The goal is to reduce the number of illegal abortions in Uruguay, said Deputy Ivan Posada of the small center-left Independent Party, who authored the measure and provided the key tie-breaking vote.

"They talk of 30,000 a year, a hypothetical number, but whatever the number is, it's quite dramatic for a country where 47,000 children are born each year," Posada explained in an Associated Press interview.

The review panel should obtain the father's point of view, but only if the woman agrees. Women under 18 must show parental consent, but they can seek approval from a judge instead if they're unwilling or unable to involve their parents in the decision.

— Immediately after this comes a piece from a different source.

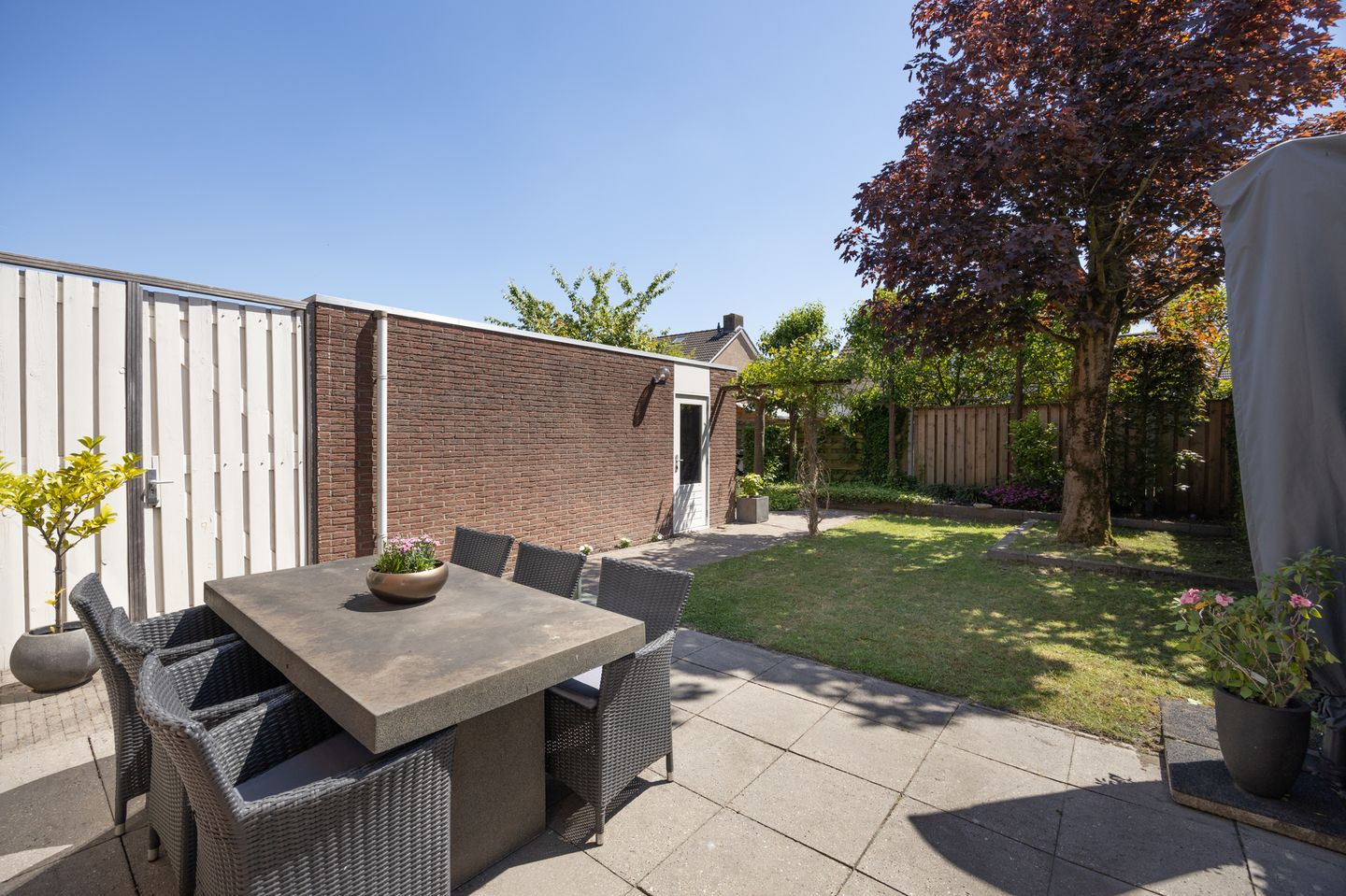 Foto 4 van Torenvalk 52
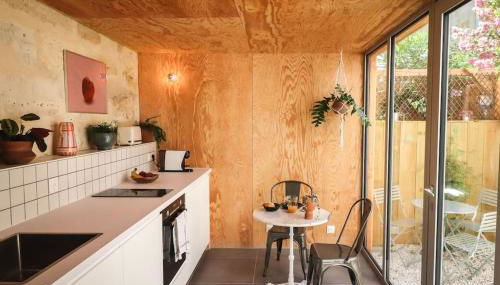 Vivien Durand - Boutique Aparthotel au cœur de Bordeaux - Foto 2, pet friendly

The measure also allows entire private health care institutions, as well as individual health care providers, to decline to perform abortions.

Opponents include Uruguay's Catholic and evangelical institutions, which along with public hospitals provide much of the available health care in Uruguay.

Cuba, which decriminalizes abortions in the first 10 weeks of pregnancy, is the only country in Latin America where legal abortion is common. Argentina and Colombia allow it only in cases of rape or when the mother's life is endangered. Colombia also allows it when there is proof of fetal malformation. Mexico City has legalized first-trimester abortions, but there are restrictions in most other parts of the country.

Many countries ban abortions under any conditions.